Requirement: Copy, word for word, the lines below from the one containing "Кузнецова Софья, Беренс" up to and including the one containing "Bocal 25CL Granini Pamplemousse Ingredients", with pictures left out.

Data to examine:
###
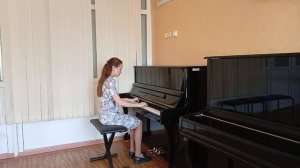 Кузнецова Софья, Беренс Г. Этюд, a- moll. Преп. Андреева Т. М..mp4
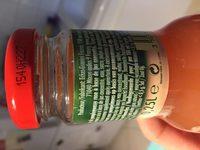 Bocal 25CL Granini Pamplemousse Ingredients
###
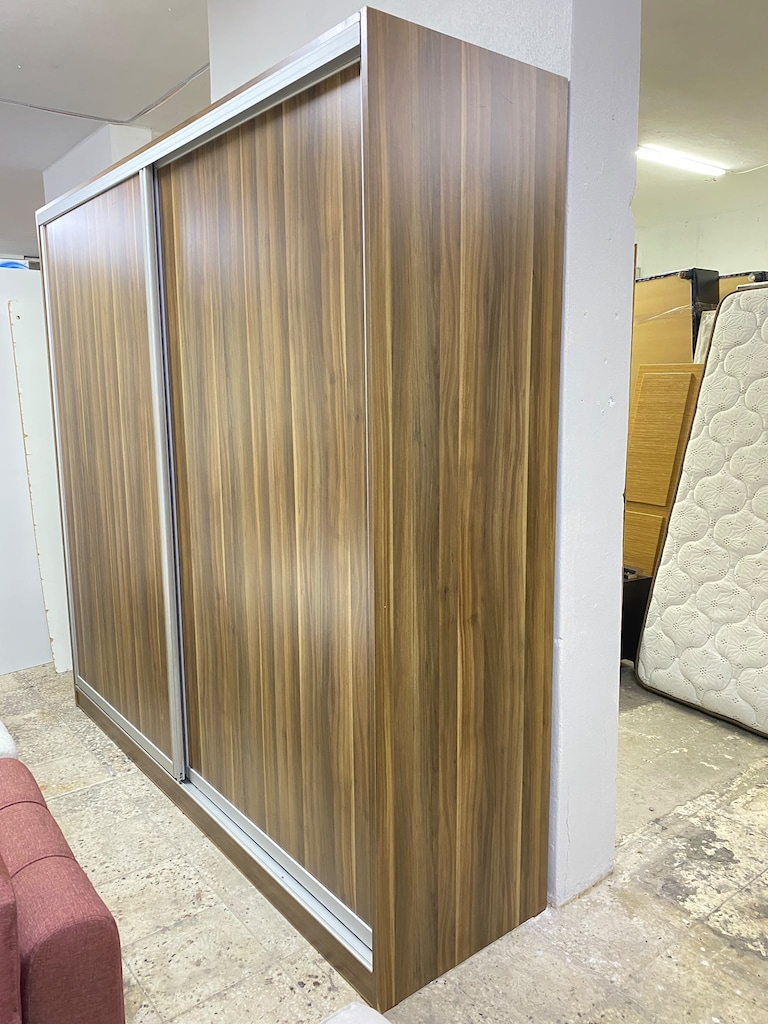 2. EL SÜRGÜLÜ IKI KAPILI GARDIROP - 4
###
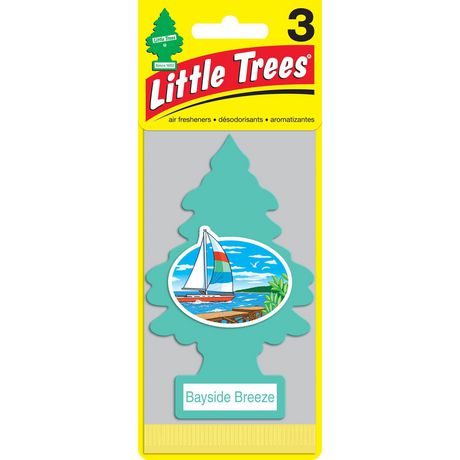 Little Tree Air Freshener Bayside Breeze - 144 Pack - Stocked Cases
###
Result below:
 Кузнецова Софья, Беренс Г. Этюд, a- moll. Преп. Андреева Т. М..mp4
 Bocal 25CL Granini Pamplemousse Ingredients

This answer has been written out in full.